«Репортаж» Куняева имеет предысторию.

По свидетельству В. Лазарева, работника коммунального хозяйства столицы, жулики, работавшие на Ваганьковском кладбище, в нескольких метрах от могилы Высоцкого соорудили бутафорский холмик земли и оформили его табличкой про майора Петрова, чтобы найти на это место покупателя.

Жуликов посадят. Но пока до них добрались и убрали холмик вместе с табличкой, незадачливый фотохудожник А. Лапин сфотографировал «могилку с табличкой» и передал экземпляр фотографии Куняеву. Другой экземпляр фотоработы Лапина гулял по его персональным выставкам под названием «Майор Петров».

Куняев пишет со скорбью: «Вечерело, народ постепенно расходился. Я смог оглядеться вокруг и увидел то, что можно было бы предположить. Вокруг была истоптанная, ровная земля. Могилы майора Петрова не существовало.

Я не могу себе представить, чтобы поклонники Блока, Твардовского, Заболоцкого или Пастернака могли позволить себе из любви к своему божеству равнодушно топтаться на чужих могилах».

Может быть, на этот репортаж можно было бы не обращать внимания, но спустя полгода в № 12 этого же журнала появляется подборка читательских писем, пришедших в ответ на статью Куняева: «С большим удовлетворением прочитал…», «В основном я согласен с позицией…», «Стыдно и грустно. Конечно, такая оголтелая толпа могла затоптать могилу майора Петрова – яркая их характеристика. Побольше подобных выступлений…», «Затоптанная могила майора Петрова рядом с могилой «идола» меня гнетет…» – пишет преподаватель Воронежского университета О. Разводова. И так далее… Мертвого Высоцкого призывали к ответу за то, что кто-то топчет чьи-то захоронения!

Когда печаталась эта подборка писем, работники журнала уже знали, что могилы Петрова рядом с могилой Высоцкого не было, а потому и затоптать ее никто «оголтелый» просто не мог.
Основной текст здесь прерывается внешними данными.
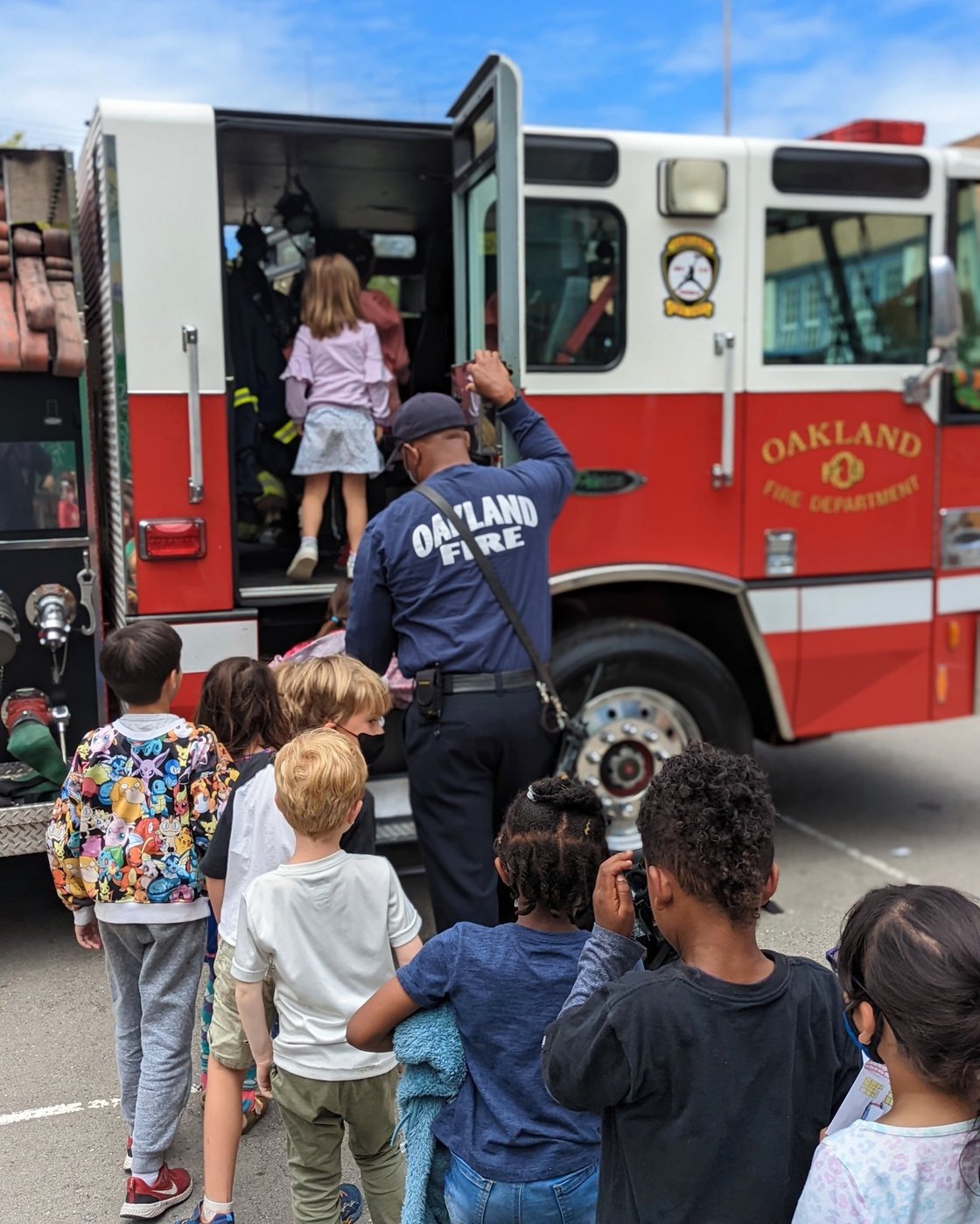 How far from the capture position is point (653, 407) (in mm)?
4621

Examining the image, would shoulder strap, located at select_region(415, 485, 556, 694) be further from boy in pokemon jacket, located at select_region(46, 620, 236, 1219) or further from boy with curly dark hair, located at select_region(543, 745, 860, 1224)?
boy with curly dark hair, located at select_region(543, 745, 860, 1224)

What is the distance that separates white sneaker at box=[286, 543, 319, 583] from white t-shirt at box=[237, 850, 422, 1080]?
2.29 meters

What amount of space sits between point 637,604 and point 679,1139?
11.4 feet

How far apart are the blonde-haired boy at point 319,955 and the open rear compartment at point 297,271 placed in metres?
2.03

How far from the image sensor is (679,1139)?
1532 millimetres

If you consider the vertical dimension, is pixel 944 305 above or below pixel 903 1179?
above

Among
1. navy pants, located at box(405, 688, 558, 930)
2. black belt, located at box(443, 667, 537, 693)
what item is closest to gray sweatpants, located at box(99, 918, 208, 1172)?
navy pants, located at box(405, 688, 558, 930)

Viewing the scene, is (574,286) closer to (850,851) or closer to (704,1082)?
(850,851)

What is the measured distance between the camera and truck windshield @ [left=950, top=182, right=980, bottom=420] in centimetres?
498

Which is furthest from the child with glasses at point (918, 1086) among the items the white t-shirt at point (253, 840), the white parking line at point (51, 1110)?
the white parking line at point (51, 1110)

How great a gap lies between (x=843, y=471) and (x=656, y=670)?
1.11 meters

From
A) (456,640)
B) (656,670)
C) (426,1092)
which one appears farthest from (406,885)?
(426,1092)

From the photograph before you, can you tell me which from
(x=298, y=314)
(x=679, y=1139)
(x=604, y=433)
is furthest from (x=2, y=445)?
(x=679, y=1139)

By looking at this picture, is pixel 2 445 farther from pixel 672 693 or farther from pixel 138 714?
pixel 672 693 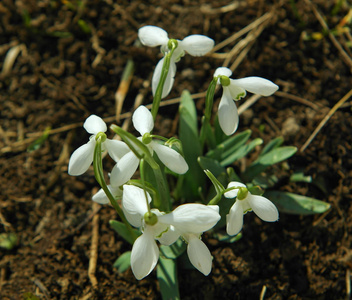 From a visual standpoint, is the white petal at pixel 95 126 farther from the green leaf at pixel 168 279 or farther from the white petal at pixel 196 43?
the green leaf at pixel 168 279

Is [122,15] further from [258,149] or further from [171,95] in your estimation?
[258,149]

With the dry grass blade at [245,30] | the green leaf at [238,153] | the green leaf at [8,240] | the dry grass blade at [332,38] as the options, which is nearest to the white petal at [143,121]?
the green leaf at [238,153]

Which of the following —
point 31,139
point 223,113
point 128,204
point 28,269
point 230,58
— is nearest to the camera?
point 128,204

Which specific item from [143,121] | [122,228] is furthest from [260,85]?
[122,228]

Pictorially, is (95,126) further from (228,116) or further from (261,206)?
(261,206)

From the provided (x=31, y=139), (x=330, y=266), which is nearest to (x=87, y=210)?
(x=31, y=139)

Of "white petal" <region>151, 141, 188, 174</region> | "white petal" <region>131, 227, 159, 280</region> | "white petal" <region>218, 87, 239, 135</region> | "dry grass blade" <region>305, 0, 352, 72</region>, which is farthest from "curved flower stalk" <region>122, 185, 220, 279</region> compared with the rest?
"dry grass blade" <region>305, 0, 352, 72</region> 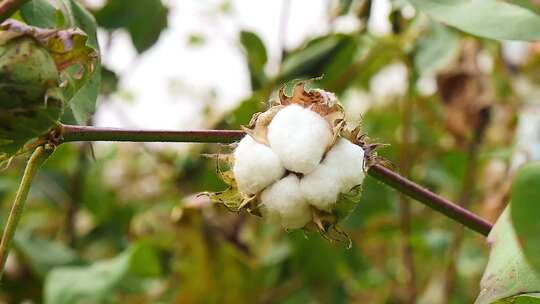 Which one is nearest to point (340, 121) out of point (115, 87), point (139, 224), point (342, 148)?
point (342, 148)

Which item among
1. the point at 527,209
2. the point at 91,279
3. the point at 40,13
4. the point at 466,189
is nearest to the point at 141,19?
the point at 91,279

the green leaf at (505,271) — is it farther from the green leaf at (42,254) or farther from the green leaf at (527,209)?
the green leaf at (42,254)

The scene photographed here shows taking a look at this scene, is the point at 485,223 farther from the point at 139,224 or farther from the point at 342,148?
the point at 139,224

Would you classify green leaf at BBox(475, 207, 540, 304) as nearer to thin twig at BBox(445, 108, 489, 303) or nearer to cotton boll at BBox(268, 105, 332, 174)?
cotton boll at BBox(268, 105, 332, 174)

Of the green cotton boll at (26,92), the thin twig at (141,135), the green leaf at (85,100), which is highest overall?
the green cotton boll at (26,92)

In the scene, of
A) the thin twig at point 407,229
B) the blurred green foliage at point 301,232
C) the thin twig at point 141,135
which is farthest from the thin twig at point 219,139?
the thin twig at point 407,229

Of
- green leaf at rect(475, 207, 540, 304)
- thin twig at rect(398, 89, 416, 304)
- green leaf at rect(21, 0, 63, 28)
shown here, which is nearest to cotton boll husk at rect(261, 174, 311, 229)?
green leaf at rect(475, 207, 540, 304)

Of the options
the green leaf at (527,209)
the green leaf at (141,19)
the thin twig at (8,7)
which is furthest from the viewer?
the green leaf at (141,19) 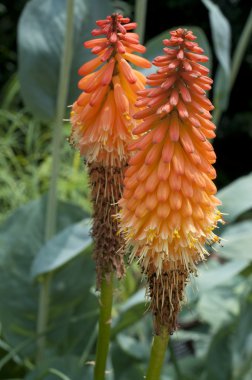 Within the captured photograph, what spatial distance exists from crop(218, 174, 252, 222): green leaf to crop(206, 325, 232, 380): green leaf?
2.27ft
Всю свою публицистику Куняев оформляет в книгу «Огонь, мерцающий в сосуде», выпущенную издательством «Современник» в 1986 году. Здесь творчество Высоцкого он обобщает как «фельетонизм, бытовой анекдот, лихой скепсис, пародию на жизнь». «Высоцкий многое отдавал за эстрадный успех. У «златоустого блатаря», по которому, как сказал Вознесенский, должна рыдать Россия, нет ни одной светлой песни о ней, о ее великой истории, о русском характере, песни, написанной любовью или хотя бы блоковским чувством…» «Знаменитый бард ради эстрадного успеха, «ради красного словца» не щадил наших национальных святынь, песни эти не боролись с распадом, а, наоборот, эстетически обрамляли его»… Русские дети, утверждает Куняев, лишены теперь возможности читать сказки Пушкина из-за пародийности песен Высоцкого. Очевидно, Куняев никогда не слышал о более ранних пародиях, принадлежащих И. Тургеневу или Н. Некрасову. Себе в поддержку Куняев пригласил композитора, Героя Соц. Труда, лауреата Ленинской премии Георгия Свиридова: «Не имея чести быть знакомым с вами лично, хочу пожать вам руку и поблагодарить за вашу замечательную статью. Как я понимаю, речь идет о сохранении крупных духовных ценностей, без которых жизнь теряет смысл. И дело не только в тех или иных именах литературного обихода…»

И вновь повторяется ситуация 1968 года: тогда ниспровергатели Высоцкого опирались на Д. Кабалевского и В. Соловьева-Седого, теперь – на Свиридова.

По-своему «разобралась» в истоках популярности творчества Высоцкого бывшая примадонна Большого театра Г. Вишневская. В своей автобиографической книге «Галина», вышедшей в 1985 году, она обобщила творчество Высоцкого как «блатной истерический надрыв»: «Вот он, сегодняшний русский человек. Он орет, вопит на весь мир своим пропитым, хрипатым голосом и воет, как затравленный, загнанный, но все еще очень сильный зверь… Что же должен был пережить народ, через какие моральные ломки пройти, чтобы эти блатные истерические вскрики уркагана находили такой массовый отклик во всех слоях советского общества! И, проливая пьяные слезы, они воют вместе с ним, им все это близко, понятно и надрывает душу».